Renato Berta to receive Honorary Award
Ticinese cinematographer Renato Berta has profoundly influenced European auteur cinema over the past 45 years. As a key figure in the renaissance of cinema, he seeks solutions that go beyond conventional image matrices. His collaboration with major film directors makes him a cinematographer of international renown.
Recognition
Let there be light! The Federal Office of Culture presents the 2016 Honorary Award for Swiss Film to Renato Berta, director of photography.

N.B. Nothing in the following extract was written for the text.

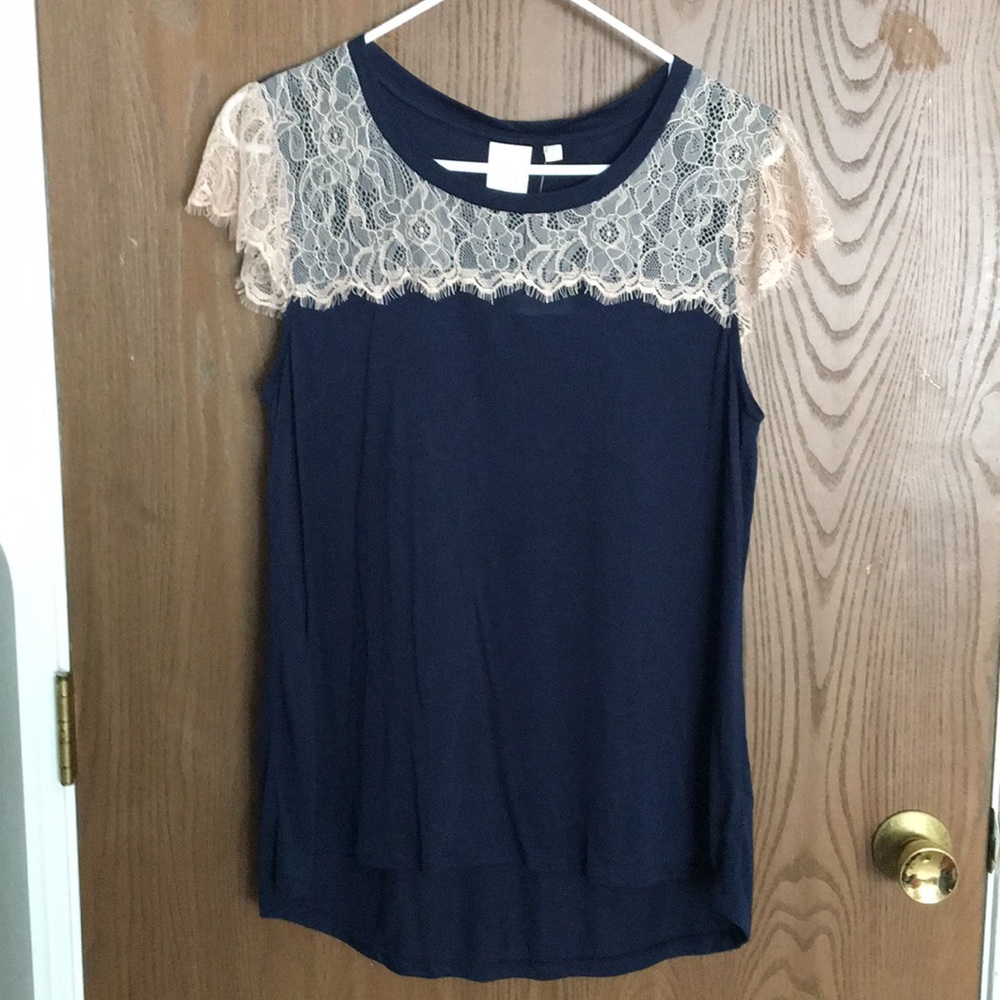 Never worn Anthro tee! - comfy modal and lace 💙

Born in Bellinzona in 1945, Renato Berta completed his studies at the Centro Sperimentale di Cinematografia in Rome, where he trained with Pasolini, Visconti and Fellini, among others. The early stages of his career at the end of the 1960s are closely linked to the upswing of New Swiss Cinema; this is due in particular to his significant contribution as the cinematographer in works by Francis Reusser, Alain Tanner, Daniel Schmid, Michel Soutter and Thomas Koerfer.

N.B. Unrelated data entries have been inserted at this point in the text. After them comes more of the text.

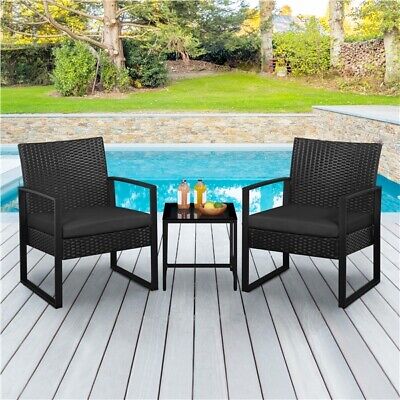 Black Wicker Bistro Set with Cushions
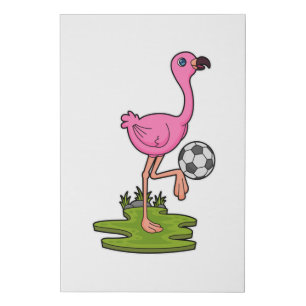 Flamingo as Soccer player with Soccer Faux Canvas Print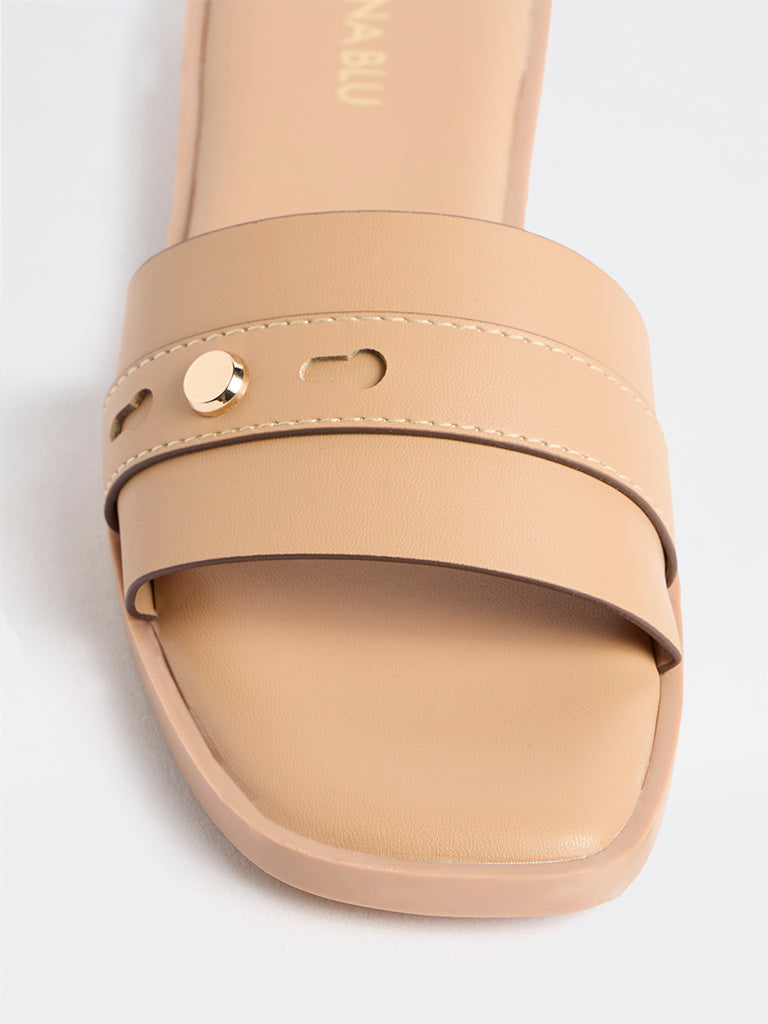 LUNA BLU Beige Stud-Detailed Slides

Owing to his penchant for auteur cinema, Berta has collaborated with filmmakers in more than a hundred films, including Jean-Marie Straub and Danièle Huillet, Jean-Luc Godard, Patrice Chéreau, André Téchiné, Jacques Rivette, Eric Rohmer, Alain Resnais, Manoel de Oliveira, Robert Guédiguian, Amos Gitaï and Philippe Garrel. He has received numerous awards, for example, the César for Best Cinematography for “Au revoir les enfants” by Louis Malle in 1988, as well as the David di Donatello for Best Cinematography for “Noi credevamo” by Mario Martone in 2010.

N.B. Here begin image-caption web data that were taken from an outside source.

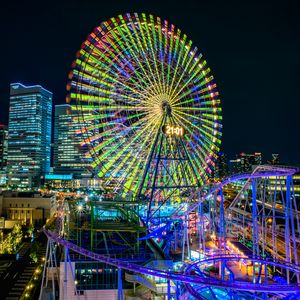 Preview wallpaper ferris wheel, night, attraction, night city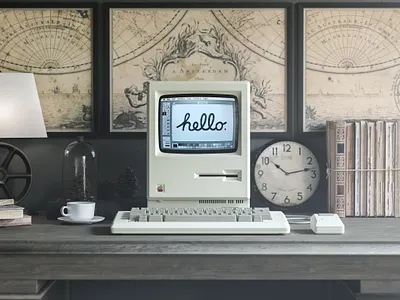 1984 Apple Macintosh Mockup apple computer desktop free freebie mac macintosh mockup psd realistic retro showcase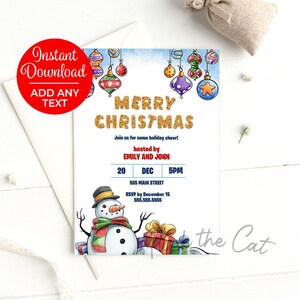Snowman Christmas Party Invitation, Christmas Invitation Kids Birthday Party Invitation, Snowman Christmas Inviation, Instant Download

At the retrospective dedicated to him by the Cinémathèque française in March 2011, Berta, who is still far from retiring, commented as follows: “I have never really liked the term ‘cinematographer’. I prefer having ‘director of photography’ used in the credits. It seems to me that this encompasses the work of framing and lighting more completely. The image is the culmination of photography and framing, an extremely fragile result, because the most difficult thing is to bring the two into a harmonious balance.”